> [Work to complete] The whole listing should come back exactly as written, except for the pictures.

─── Information provided

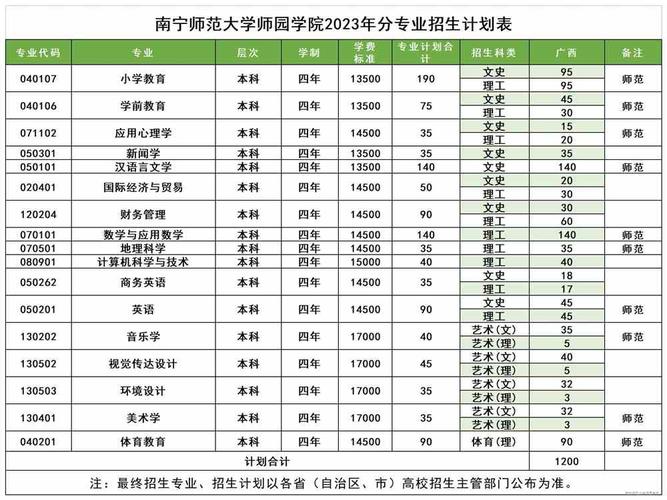 南宁师范大学师园学院有哪些专业？ 育学科普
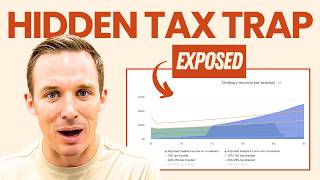 The Roth Conversion Mistake that Could DOUBLE (or more!) Your Medicare Costs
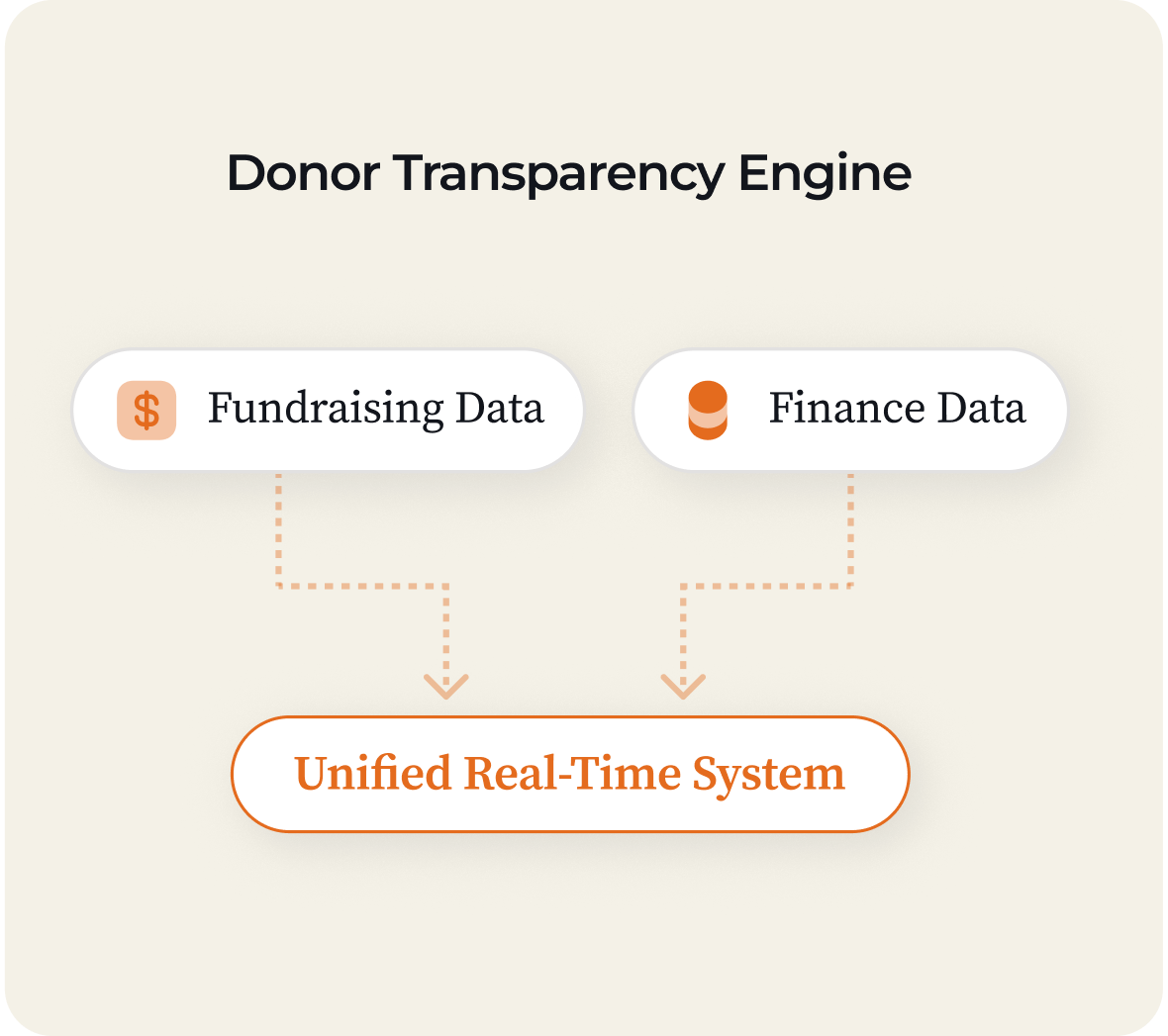 Service 1 illustration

──────

> [Result of the task]
 南宁师范大学师园学院有哪些专业？ 育学科普
 The Roth Conversion Mistake that Could DOUBLE (or more!) Your Medicare Costs
 Service 1 illustration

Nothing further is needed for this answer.